**Task goal**: Could you restate the whole listing below word for word, minus the pictures?

**Stored data**:
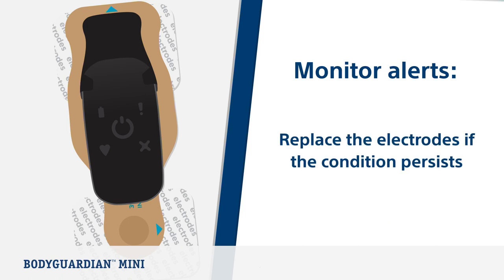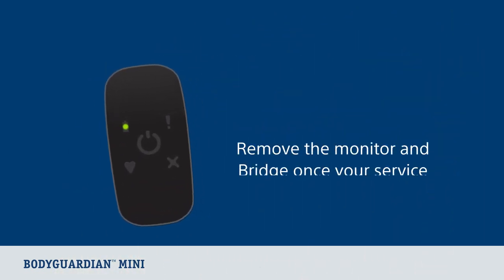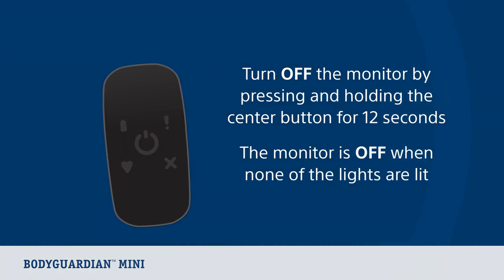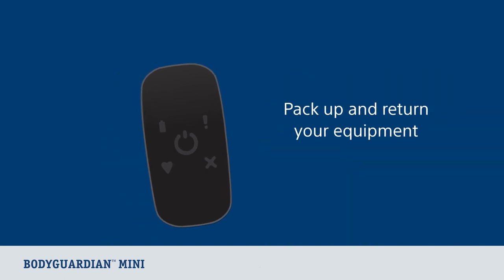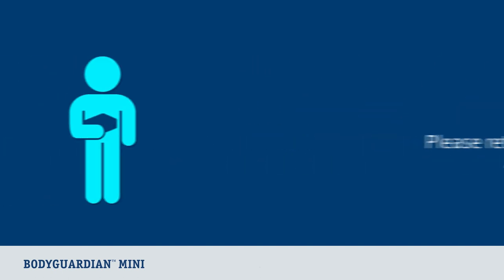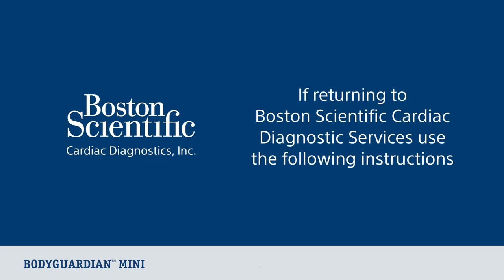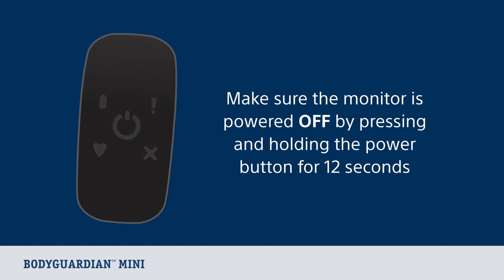Now let's look at what to do when the study concludes. Remove the BodyGuardian Mini Monitor and Bridge as soon as your physician or qualified healthcare professional ends your service. You will need to turn off the monitor by pressing and holding the center button for 12 seconds. You will know the monitor is off when none of the lights are lit. Now you can pack up and return your equipment. Make sure the monitor is powered off by pressing and holding the center button for 12 seconds.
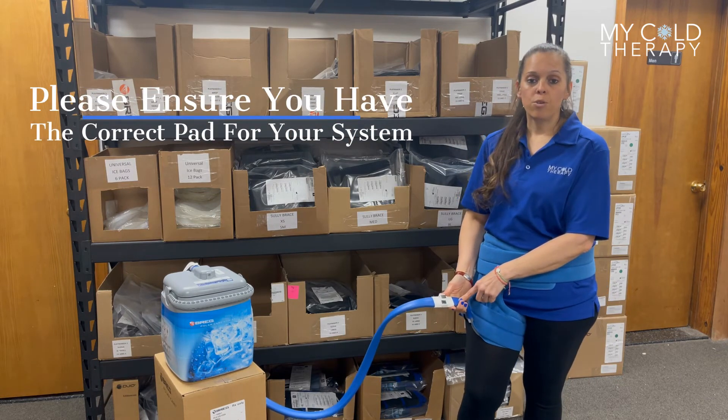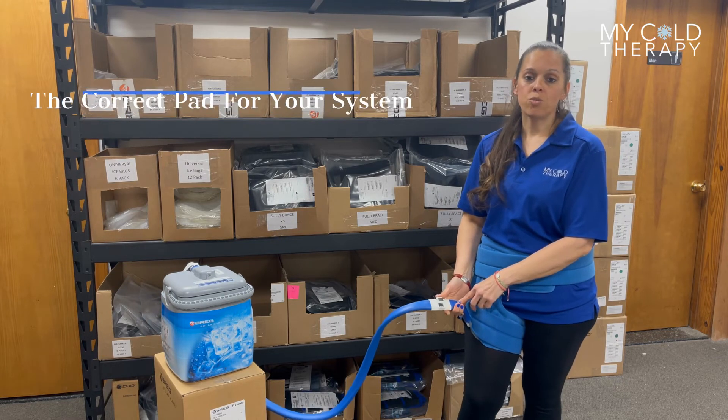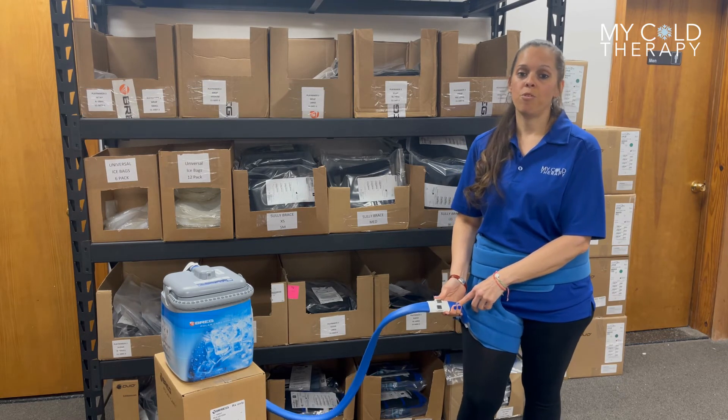Now keep in mind, the Kodiak pads are not interchangeable, so always make sure of which system you have before you order your pad.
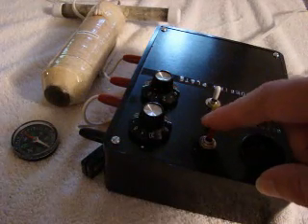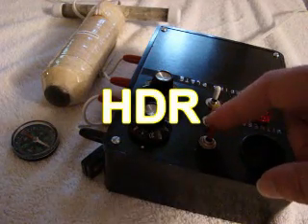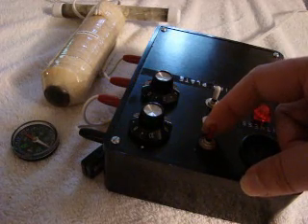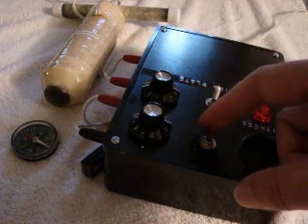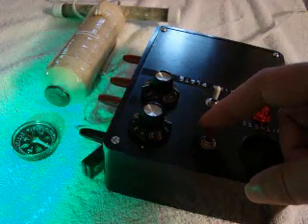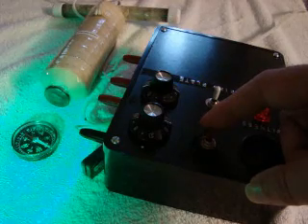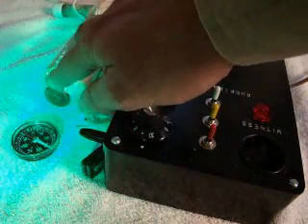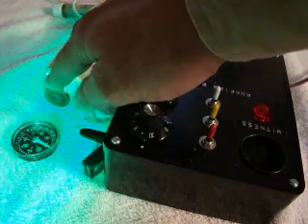These are the different toggle switches for the hyperdimensional resonator. The first switch is power. When you turn that on, you can see the compass — it will point to the electromagnet. The electromagnet generates a magnetic field.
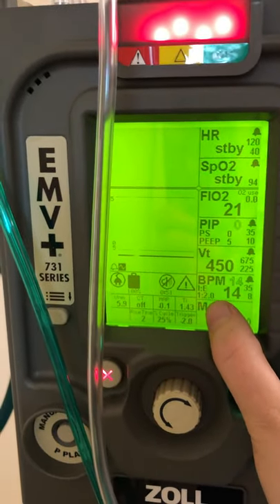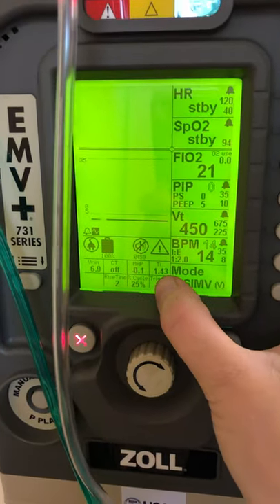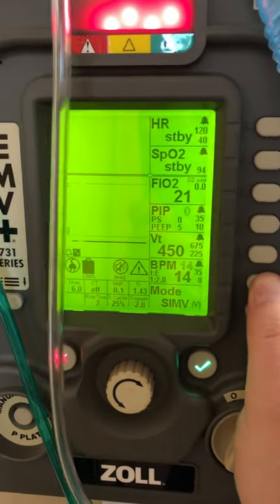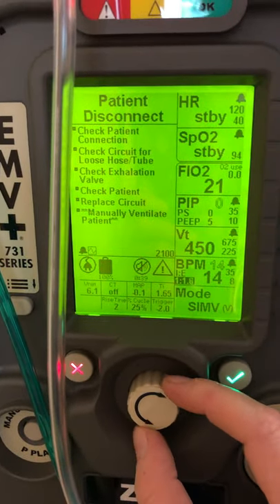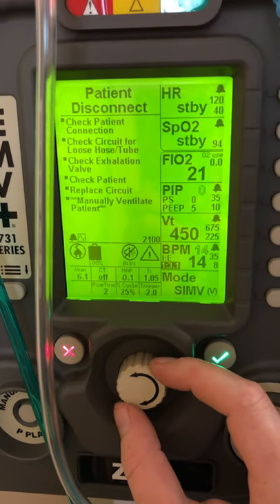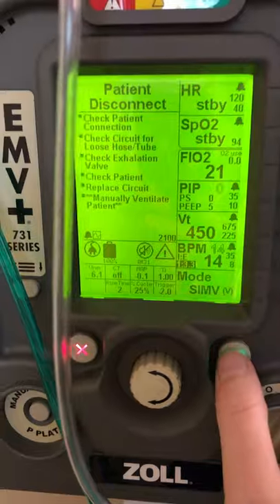We also have our IE ratio here. The default IE is 1 to 2, which gives us an inspiratory time of 1.43 seconds — that's a little bit slow. I'm used to setting my TI, not my IE. So I'm just going to look at my TI here and change my TI to about 1 second, because that's normal for an adult. Green check mark.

**Expected answer**:
Now let's look at what to do when the study concludes. Remove the BodyGuardian Mini Monitor and Bridge as soon as your physician or qualified healthcare professional ends your service. You will need to turn off the monitor by pressing and holding the center button for 12 seconds. You will know the monitor is off when none of the lights are lit. Now you can pack up and return your equipment. Make sure the monitor is powered off by pressing and holding the center button for 12 seconds.
Now keep in mind, the Kodiak pads are not interchangeable, so always make sure of which system you have before you order your pad.
These are the different toggle switches for the hyperdimensional resonator. The first switch is power. When you turn that on, you can see the compass — it will point to the electromagnet. The electromagnet generates a magnetic field.
We also have our IE ratio here. The default IE is 1 to 2, which gives us an inspiratory time of 1.43 seconds — that's a little bit slow. I'm used to setting my TI, not my IE. So I'm just going to look at my TI here and change my TI to about 1 second, because that's normal for an adult. Green check mark.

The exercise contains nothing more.